ASCII, an acronym for American Standard Code for Information Interchange, is a character encoding standard for electronic communication. ASCII codes represent text in computers, telecommunications equipment, and other devices. ASCII has just 128 code points, of which only 95 are printable characters, which severely limit its scope. The set of available punctuation had significant impact on the syntax of computer languages and text markup. ASCII hugely influenced the design of character sets used by modern computers, including
Unicode which has over a million code points, but the first 128 of these are the same as ASCII.
The first 32 ASCII characters (0-31) and 127 (DEL) are commands historically used to control a teleprinter, such as carriage return (13) and line feed (10). For this reason they are referred to as control characters, control codes or non printable characters.

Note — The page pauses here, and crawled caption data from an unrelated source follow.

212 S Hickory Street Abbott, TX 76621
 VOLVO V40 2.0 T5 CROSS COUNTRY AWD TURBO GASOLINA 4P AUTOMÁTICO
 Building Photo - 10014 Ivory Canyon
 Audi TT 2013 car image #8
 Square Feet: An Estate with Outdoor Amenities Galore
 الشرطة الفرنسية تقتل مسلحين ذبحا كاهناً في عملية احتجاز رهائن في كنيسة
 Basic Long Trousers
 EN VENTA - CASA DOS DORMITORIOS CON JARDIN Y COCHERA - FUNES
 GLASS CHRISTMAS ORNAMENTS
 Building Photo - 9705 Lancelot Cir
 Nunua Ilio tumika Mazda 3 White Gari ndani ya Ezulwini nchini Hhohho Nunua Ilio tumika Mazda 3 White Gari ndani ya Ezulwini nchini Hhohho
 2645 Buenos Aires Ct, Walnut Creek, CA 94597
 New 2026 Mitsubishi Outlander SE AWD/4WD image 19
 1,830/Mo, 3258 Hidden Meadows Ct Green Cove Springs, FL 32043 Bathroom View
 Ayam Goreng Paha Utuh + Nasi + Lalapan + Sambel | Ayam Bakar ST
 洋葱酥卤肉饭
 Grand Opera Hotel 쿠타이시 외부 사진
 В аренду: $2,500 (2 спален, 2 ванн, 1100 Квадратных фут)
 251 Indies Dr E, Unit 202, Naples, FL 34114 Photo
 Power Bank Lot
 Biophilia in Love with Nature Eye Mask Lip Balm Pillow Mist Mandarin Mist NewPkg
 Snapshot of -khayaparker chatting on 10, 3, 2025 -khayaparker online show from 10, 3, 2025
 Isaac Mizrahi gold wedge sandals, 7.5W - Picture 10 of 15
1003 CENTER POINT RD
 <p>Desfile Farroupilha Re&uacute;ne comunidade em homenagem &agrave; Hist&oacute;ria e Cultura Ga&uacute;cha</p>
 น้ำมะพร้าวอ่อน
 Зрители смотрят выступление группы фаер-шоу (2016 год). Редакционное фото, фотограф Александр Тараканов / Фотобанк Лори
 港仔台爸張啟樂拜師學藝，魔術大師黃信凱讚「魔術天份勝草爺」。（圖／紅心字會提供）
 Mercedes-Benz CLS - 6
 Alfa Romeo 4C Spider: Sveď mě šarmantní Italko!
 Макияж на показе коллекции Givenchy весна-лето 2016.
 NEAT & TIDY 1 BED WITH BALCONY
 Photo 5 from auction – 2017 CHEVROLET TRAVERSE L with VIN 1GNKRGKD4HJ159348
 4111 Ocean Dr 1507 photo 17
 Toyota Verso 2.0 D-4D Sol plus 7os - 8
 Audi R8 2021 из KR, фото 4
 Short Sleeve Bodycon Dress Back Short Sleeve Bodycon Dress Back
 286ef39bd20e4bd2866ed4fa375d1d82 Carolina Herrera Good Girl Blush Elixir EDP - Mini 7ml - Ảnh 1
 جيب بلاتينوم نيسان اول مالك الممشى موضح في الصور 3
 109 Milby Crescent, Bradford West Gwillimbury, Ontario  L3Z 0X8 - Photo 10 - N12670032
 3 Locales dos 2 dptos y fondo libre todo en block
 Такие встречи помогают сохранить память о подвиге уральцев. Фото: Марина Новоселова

The remainder of the regular ASCII characters are the visible or printable characters known as plain text. These characters, often referred to as the ASCII Standard Character Set, include uppercase letters, lowercase letters, digits, symbols (like $ or @) and basic punctuation.
Various extended versions have been developed for different purposes such as to support proprietary technology, different alphabets, or simply to draw geometric forms on the screen.
This is the CP437 (Code Page 437) version which was present on the original IBM PC in 1981. It is often the extended set used by programming languages like C but is is not standard. Some programming environments do not support it or use a different set. In such cases, the use of
Unicode is an alternative to display non-standard characters.